Le sens du recrutement

Un an et demi plus tard, le centre Jules-Ferry compte 155 salariés, dont 22 travailleurs sociaux. « Recruter a été le gros du travail, constate Stéphane Duval. Tous nos éducateurs spécialisés sont diplômés, c’était une volonté d’avoir des personnes formées. Même s’il faut renoncer à certains principes : face au nombre, on ne peut pas commencer ici à faire du projet personnalisé, ni à multiplier les écrits. » Le principal de ses troupes est constitué des agents de service, chargés de gérer les files d’attente et l’accès aux services proposés. « L’un des premiers critères de recrutement est une bonne capacité de prise de distance, note le directeur. On ne peut pas rester indifférent à la situation des réfugiés, et je ne supporterais pas des agents qui ne font que la surveillance, sans jamais parler avec eux. Mais il ne faut pas non plus être trop proche. »

Dès le départ, il a imposé à ses équipes un cadre réglementaire strict, avec des horaires qu’il faut tenir à la minute près. Trois minutes de délai face à des gens qui attendent depuis plus de une heure, c’est prendre le risque de l’énervement et des conflits. La structure a vécu deux événements traumatiques, des bagarres générales, dont la seconde date du 26 mai dernier.

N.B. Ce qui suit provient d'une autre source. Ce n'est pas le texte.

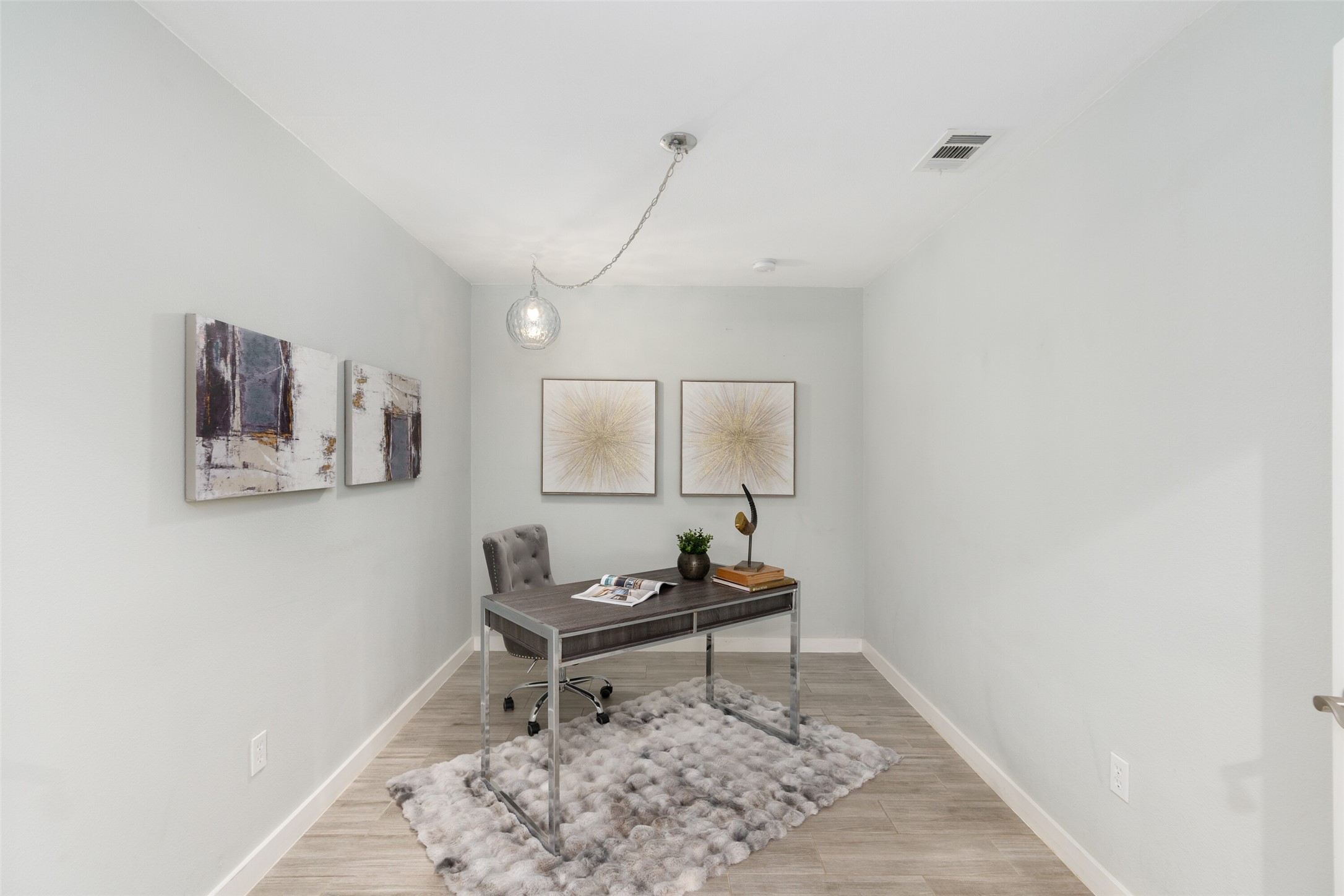 12455 High Meadow Drive Dallas TX 75244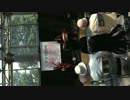 trim.VWkCct.MOV  とりぎん文化会館  第１回とりぎん新企画事業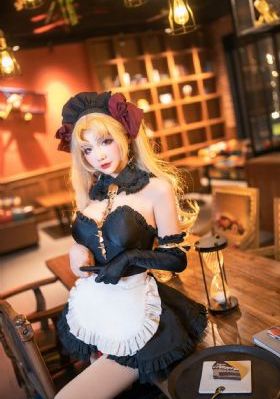 免费视频在线看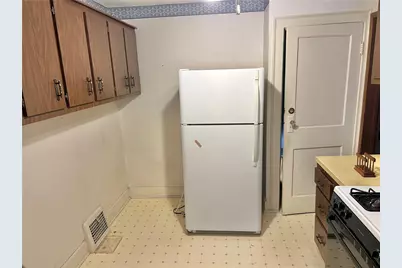 203 Summit Ave, Canonsburg, PA 15317 - Photo 9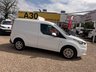 USED 2021 71 FORD TRANSIT CONNECT 1.5 200 EcoBlue Limited L1 Euro 6 (s/s) 5dr Air Conditioned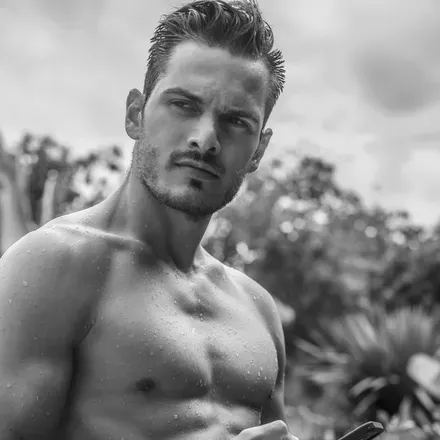 OnlyFans de thomale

Une quarantaine de personnes ont été blessées, parmi lesquelles cinq agents de La Vie active. Le directeur, visiblement ému, précise : « Le personnel a été exemplaire. Maintenant, je leur dis : “Faites attention à la conscience professionnelle, quand celle-ci vous pousse à aller au-delà de vos missions.” » Une salariée a été gravement blessée alors qu’elle tentait de séparer des belligérants. Une cellule psychologique a tout de suite été mise en place, et les procédures de gestion des tensions vont être réévaluées et modifiées. « Stéphane est très attentif au bien-être de ses collaborateurs », précise Richard Angevin, directeur de la MECS (maison d’enfants à caractère social) de l’Artois, à Sailly-Labourse (Pas-de-Calais), qui a été son supérieur pendant huit ans.

Faire le deuil du terrain

L’évolution de la structure a obligé Stéphane Duval à faire le deuil d’une proximité avec son équipe et avec les migrants. « La moitié de mon temps est désormais consacrée à la dimension politique de mon poste : visites de parlementaires, réunions en préfecture, contacts médiatiques… », constate-t-il. Son parcours – éducateur spécialisé, puis directeur adjoint en MECS, avant de passer le Cafdes en 2012 – ne l’avait pas préparé à un tel rôle. « C’est un homme de défis et de caractère, sourit Richard Angevin. Il fallait quelqu’un comme lui, humain mais avec une méthodologie de travail. Il a su bien s’entourer et déléguer. »

Notes

(1) Voir ASH n° 2955 du 8-04-16, p. 20.